# fun question



## ABondSlaveofChristJesus (Jul 20, 2004)

Alright, this is my last book question for a while... i think...

What 5 books (other than the Bible and Calvins Institues) would you want to have if you were stranded on an island for the next 5 years?


----------



## Learner (Jul 20, 2004)

Trinity Hymns

Romans by Robert Haldane

Met.Tab Pulpit of C.H.Spurgeon of any year

The Holy Spirit by A.W.Pink

Knowing God by J.I.packer


----------



## yeutter (Jul 20, 2004)

1. John Owens Commentary on Hebrews. Does John Owens commentary on Hebrews count as one book?

2. Cause of God and Truth by Gill

3. Book of Common Prayer [1928 or before]

4. Martin Luthers Commentary on Galations


----------



## a mere housewife (Jul 20, 2004)

Schaff's church history (I could bind all the volumes together, so that they only count as one book)
A complete works of Shakespeare
The Trinity Hymnal
A Greek instruction book
A Greek NT

Can I also take my photo album?


----------



## Scot (Jul 20, 2004)

The Valley of Vision

Works of Jonathan Edwards Vol. 1

Works of Jonathan Edwards Vol. 2

Matthew Henry's Commentary

The Art of Expressing the Human Body - Bruce Lee (so I can stay in shape and fight off any hostile natives!)


----------



## ReformedWretch (Jul 20, 2004)

John Macarthur's The Gospel According to Jesus
Roy Hession's The Calvary Road
Joh Macarthur's Hard to believe

The rest...I am not certain. Leaves me space to post later.


----------



## FrozenChosen (Jul 20, 2004)

- The Illiad

- Matthew Henry's Commentary on the whole Bible (ONE BOOK, several volumes though)

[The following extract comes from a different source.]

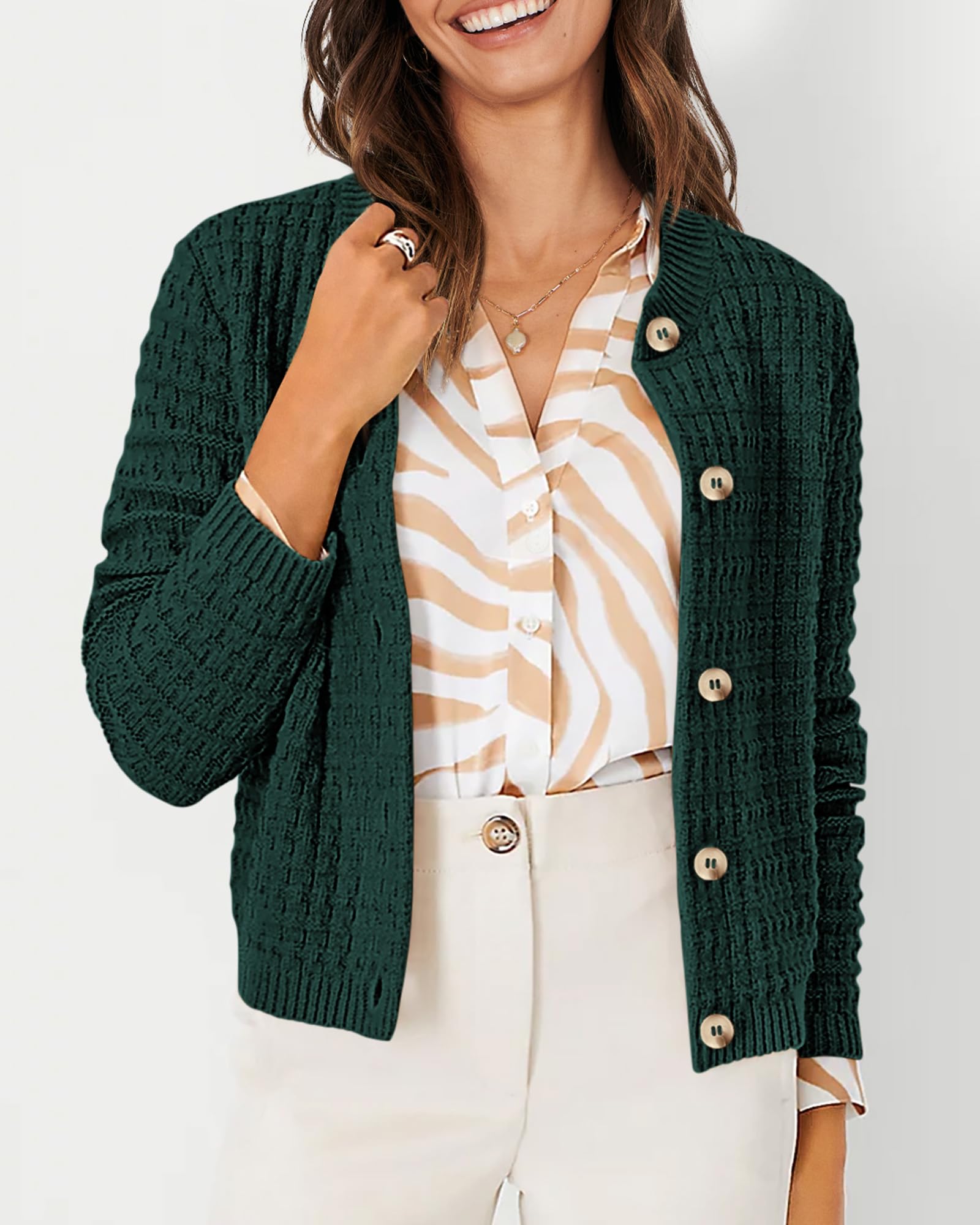 Women's Fall Lightweight Cardigan Sweaters Dark Green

- Philip Schaff's Church History

- Trinity Hymnal

- The Conquest of Gaul by Julius Caesar


----------



## re4med4ever (Jul 20, 2004)

Holiness by J.C. Ryle. I love this book. I read from it practically everyday.
The Art of Divine Contentment by Thomas Watson. If I were stranded on an island I would need to be often reminded "in whatsoever state I am, therewith to be content."
The Attributes of God by A.W. Pink
Knowing God by J.I. Packer
Churchill A Life by Martin Gilbert. I keep starting this book, but never have the time to really get into it, so I guess if I were stranded for five years I'd finally finish it.


----------



## Craig (Jul 20, 2004)

A Plain Account of Christian Perfection, By John Wesley
Charles Finney's Systematic Theology
Anything by Tony Campolo
Dude,Where's My Country? By Michael Moore
The Last Days According to Jack Van Impe


----------



## DanielC (Jul 21, 2004)

Trinity Hymnal
Bunyan's Pilgrim's Progress
Bunyan's The Holy War
Robert Shaw's Exposition of the WCF
Owen's Works Vol. 1


----------



## RamistThomist (Jul 21, 2004)

1. The Westminster Standards
2. A Latin grammar and helps
3. Greek New Testament and lexicon
4. Trinity Hymnal
5. City of God will parallel Latin columns


PS: Craig, was that last post a joke?


----------



## dkicklig (Jul 21, 2004)

[quote:a514d8d590="Craig"]A Plain Account of Christian Perfection, By John Wesley
Charles Finney's Systematic Theology
Anything by Tony Campolo
Dude,Where's My Country? By Michael Moore
The Last Days According to Jack Van Impe[/quote:a514d8d590]
I sure hope that this is supposed to be funny...beacuse it is!


----------



## Contra_Mundum (Jul 21, 2004)

[quote:fb2f5d7359="Craig"]A Plain Account of Christian Perfection, By John Wesley
Charles Finney's Systematic Theology
Anything by Tony Campolo
Dude,Where's My Country? By Michael Moore
The Last Days According to Jack Van Impe[/quote:fb2f5d7359]Craig, don't you think there will be enough firestarter on the island already?!


----------



## Ianterrell (Jul 21, 2004)

The Trinity Psalter

The Westminster Standards

Strong's Concordance

John Owen Collected Works: Vol 9 Sermons To The Church

John Owen Collected Works Vol 10 The Death Of Christ


----------



## Craig (Jul 21, 2004)

[quote:8d324df9ab]Oh, so you're gonna take the books to burn them? Good idea![/quote:8d324df9ab]
Finally! Someone who got it....no, wait, sorry Josh. I was just being goofy.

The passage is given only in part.